Fizemos isso e ninguém lembra. Quantos oficiais foram cassados? Não sei,
mas foram centenas.
Isso sem falar na cassação de políticos, torturas e mortes.
A esquerda dominou completamente o pensamento e a mídia. Sua geração
foi impactada pelo veneno da esquerda. O Exército é poder moderador,
garantidor da lei e da ordem. Evitamos a quebra do país. Ninguém fala o
que eles [a esquerda] fizeram, preferem falar da bomba do Riocentro,
quando dois idiotas fizeram aquilo. Fizemos uma coisa civilizada,
chamada cassação, que é a mesma coisa do chamado ostracismo da Grécia. A
revolução de 1964 foi absolutamente democrática. Não tivemos ditador,
mas sucessivos presidentes eleitos. Votação indireta, mas não ilegítima.
Todos eleitos pelo Congresso. Já vi que sua posição é meio esquisita.
Não havia liberdade, eram tempos de exceção.
Se houve algo, foi pressão política. Isso sim. Mas a revolução não
matou ninguém. Eles [a esquerda] montam essas teorias, isso nos irrita
profundamente. O que aconteceu é que a subversão virou radicalmente, o
que era para fazer? Não se esqueça que toda ação tem uma reação igual.
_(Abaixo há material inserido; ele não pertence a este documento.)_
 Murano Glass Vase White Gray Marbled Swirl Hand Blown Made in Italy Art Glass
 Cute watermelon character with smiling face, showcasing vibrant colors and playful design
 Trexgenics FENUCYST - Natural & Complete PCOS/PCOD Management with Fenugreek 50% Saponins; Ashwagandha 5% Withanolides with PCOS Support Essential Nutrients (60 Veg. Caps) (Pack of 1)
Eram canalhas, matavam, assaltavam bancos e joalherias, no caso do
sequestro do embaixador [americano Charles Elbrick, em 1969],
desmoralizou o Brasil perante o mundo. São canalhas!
A tortura o sr. reconhece?
Houve. Você não controla a raça humana. Não gosto de falar sobre o
tema, não por não me orgulhar do Exército, mas acho que temos problemas
maiores para ficarmos olhando para trás. Você quer parar o país por
causa de quatro, cinco mortos? Ganharam no tapetão. Não querem falar da
subversão, só falam de 1964 a partir do prisma da revolução. Mas a
revolução não foi limpinha, também cometemos equívocos.
Por que o Exército ainda defende militares criminosos?
O militar cumpre ordens. Contra bandido, você não pode fazer outra
coisa. Na hora da guerra, é matar. Não somos pacifistas na hora da
guerra. O soldado é o cidadão de uniforme para exercício cívico da
violência.
Por que a Comissão da Verdade incomoda tanto?
Por que a verdade, entre aspas, é filha do poder.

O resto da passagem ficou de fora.